For recipients, a transplant often elicits feelings of guilt and gratitude.

“It’s much more of an emotional roller coaster than I thought it would be,” said Frank Pluta, who returned home last weekend.

“Listening to my heart beating for the first time was very tough. You know someone else is grieving,” he said.

Jerry Galuszka called it “a strange but happy feeling.”

“It’s a blessing and always will be, but you feel bad for the donor family,” he said. “You think about them missing a loved one, but you find peace in knowing their selflessness helped another to live.”

Galuszka remains in hospital. He suffered a setback and returned to intensive care.

His lungs are inflamed and collecting fluid, probably from an infection. Karen Galuszka said physicians seem to be zeroing in on the problem.

“Jerry’s immune-system is suppressed, so he’s vulnerable,” she said. “But he’s a fighter. I won’t let him give up.”

Plans for a trip

A heart transplant is one of the most expensive medical procedures, costing about $1.2 million, including care and drugs after discharge. Last year, doctors performed 2,655 heart transplants in the United States.

Life expectancy has improved since the first successful transplant in 1967 in South Africa. Today, the five-year survival rate is 75 percent.
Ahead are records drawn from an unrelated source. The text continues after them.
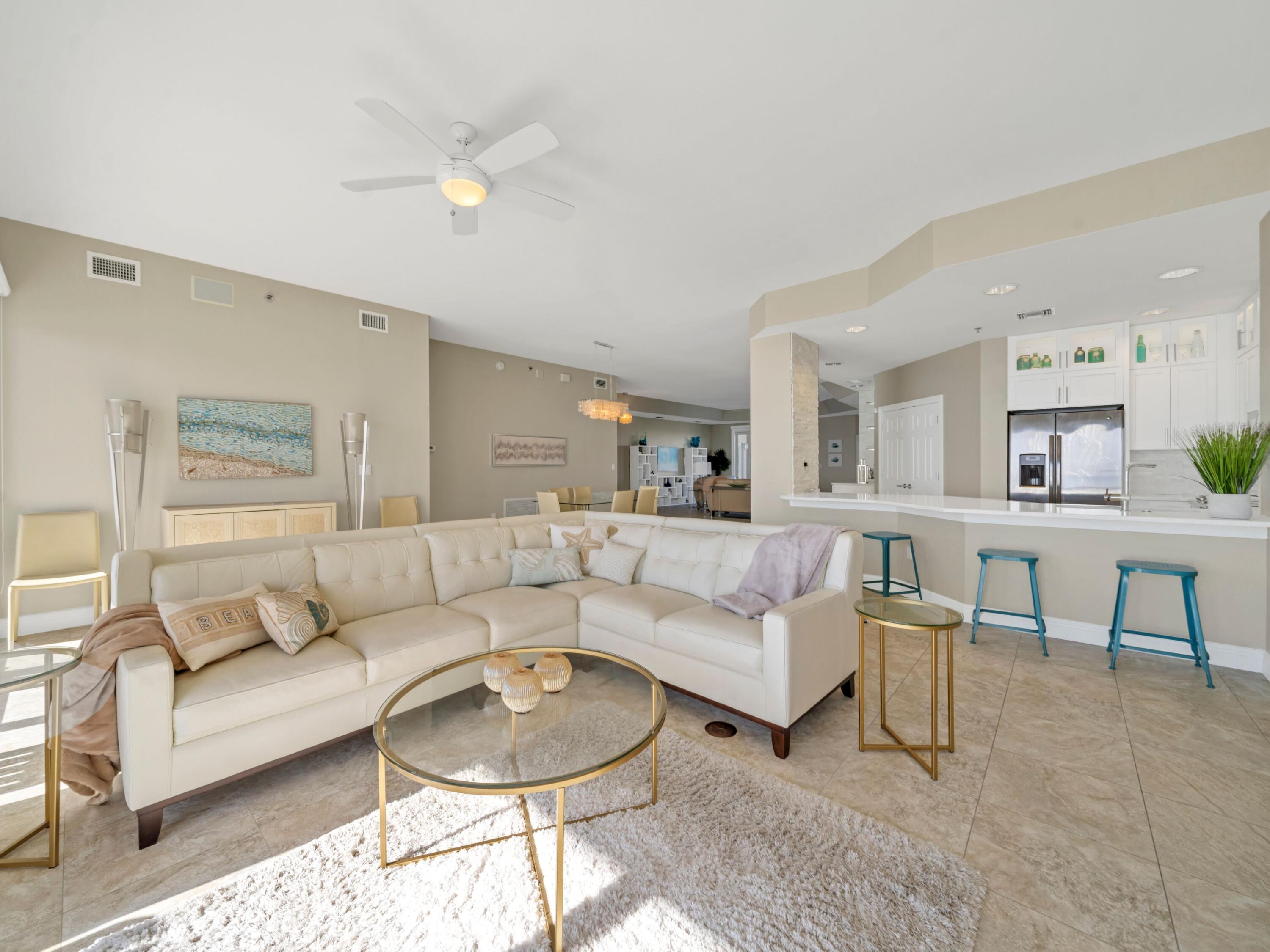 EMPRESS (THE) - Residential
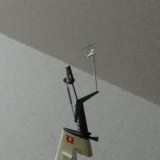 38985868801520965810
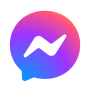 icon Messenger for Nomu S10 Pro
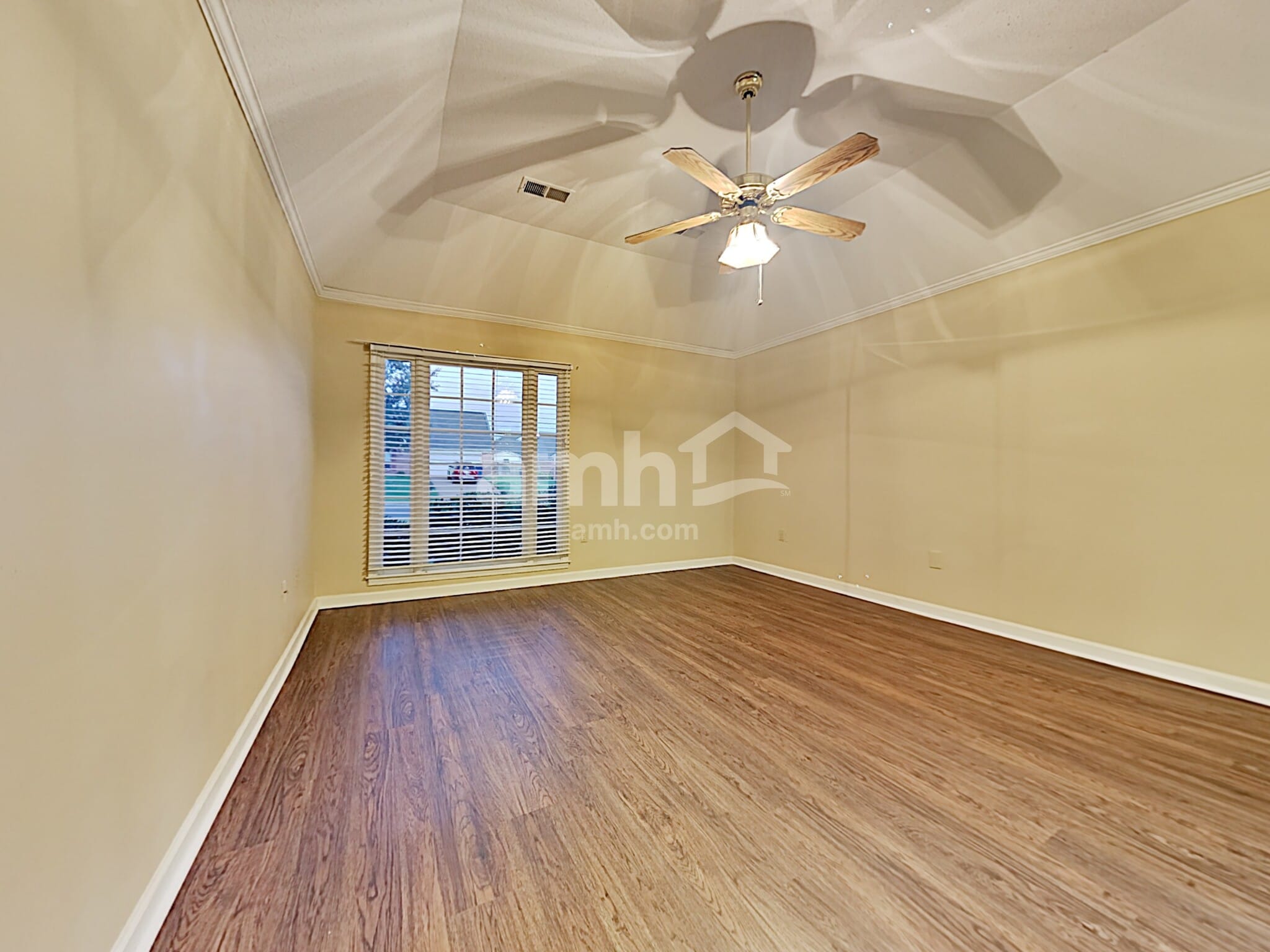 Building Photo - 9357 Bryant Trent Blvd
Recipients must take drugs for the rest of their lives that suppress their immune systems. Otherwise, the body would view the new organ as foreign and reject it.

Still, life can return to something resembling normal.

One plan in the works for the Plutas and Galuszkas is to meet in Myrtle Beach once the men regain their strength.

“Nothing scheduled yet,” said Frank Pluta. “But I know it’s going to be fun.”